René Le Roy (/fr/; 4 March 1898 – 3 January 1985) sometimes spelled René LeRoy, was a French 20th-century flutist and a pedagogue.

== Biography ==
René Le Roy was born in 1898 in Maisons-Laffitte. His parents were both amateur musicians, his father playing the flute and his mother the piano. It was his father who began his education as early as 1906. In 1916, he studied with Adolphe Hennebains, Léopold Lafleurance and Philippe Gaubert at the Conservatoire de Paris, where he graduated in 1918.

In 1922, he established the Quintette instrumental de Paris with flute, harp and string trio. Several composers wrote for the ensemble, including Albert Roussel (Sérénade pour flûte, harpe, violon, alto et violoncelle opus 30), Vincent d'Indy (suite, opus 91), Joseph Jongen and Cyril Scott.

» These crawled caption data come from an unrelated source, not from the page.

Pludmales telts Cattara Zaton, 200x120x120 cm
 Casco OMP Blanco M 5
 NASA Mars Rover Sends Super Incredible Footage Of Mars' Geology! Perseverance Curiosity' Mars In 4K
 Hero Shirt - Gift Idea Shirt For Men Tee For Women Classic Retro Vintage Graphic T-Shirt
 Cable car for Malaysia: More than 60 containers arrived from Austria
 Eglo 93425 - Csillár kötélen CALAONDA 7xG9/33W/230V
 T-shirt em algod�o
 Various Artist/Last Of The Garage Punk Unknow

From 1952 to 1968, René Le Roy was a solo flute at the New York City Opera Orchestra, and until 1971 he was a chamber music teacher at the Conservatoire de Paris. Among his students were Christine Alicot, Juho Alvas, Thomas Brown, Susan Morris DeJong, Geoffrey Gilbert and Bassam Saba.

== Publication ==
Traité de la flûte, historique, technique et pédagogique. (with Claude Dorgeuille), Paris, Éditions musicales transatlantiques, 1966. 103 p.